Lorena Requena from Piel SA, a 3D-textile producer in Spain, presented test results of 3D woven fabrics with natural fibresm, and illustrated the potential of bio-composites with case studies on real life applications. Wouter Geurts , European Composites Industry Association, highlighted the findings of Formax related to the use of natural fibres on 2D weaving machines for composite fabrics, explaining that the challenges are mainly related to the limitation of fabric weight and fibre defects, frequently induced during the spinning process. Margarethe Goedel, Chemo, producer of storage containers presented two case studies on a cover of a grid-container and a motor-cover made with natural fibre composites.

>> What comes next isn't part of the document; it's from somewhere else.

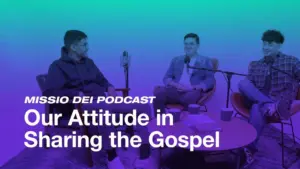 Three podcast hosts discussing sharing the Gospel, with microphones and colorful backgrounds in a cozy setting.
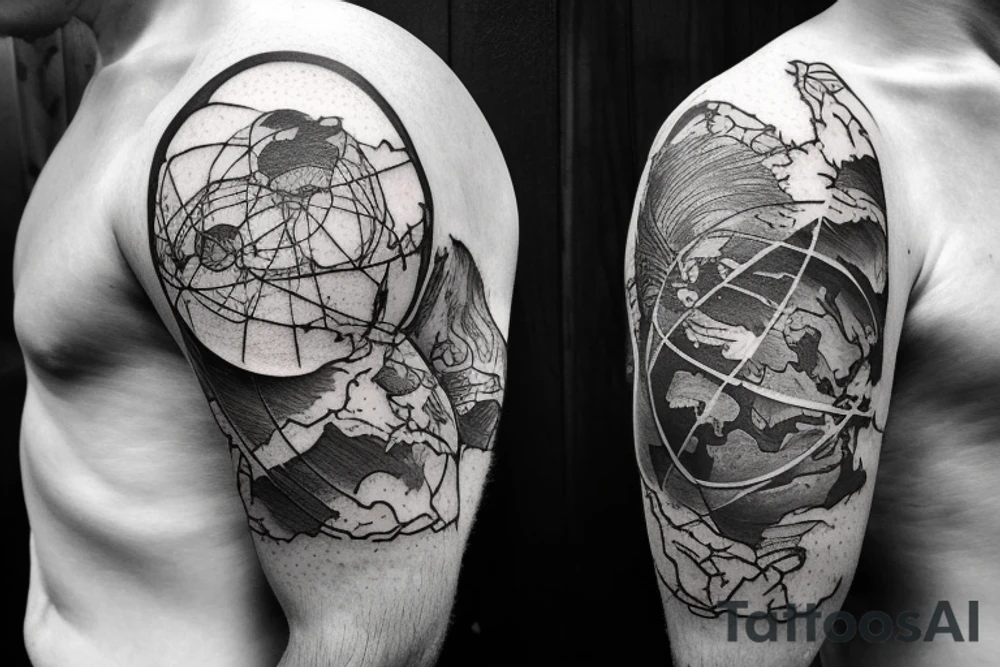 An older version of atlas holding the earth on his back. Atlas is struggling to continue to hold the earth. He has a beard and is strong. The earth is mixed with lush areas and damaged tattoo idea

In his presentation on ‘new fully bio-based composites’ Thomas Pohl, IVW, the composites institute in Germany, informed the participants on natural fibre prepregs with furan thermoset resins. TransFuran Chemicals, a company located in Belgium, developed furan thermoset resins which can be used in combination with natural fibres, thereby yielding a 100% renewable composite material. The furan thermoset resin is bio-renewable and it can be derived from biomass via a chemical pathway.
Luc Ruys, Centexbel, a Belgian Textile research centre presented another FP7 project, Bioagrotex, which aims at the development of high-end textiles based on natural fibres and biorenewable polymers.
The next NATEX workshop will take place in March 2012 with a focus on the automotive sector.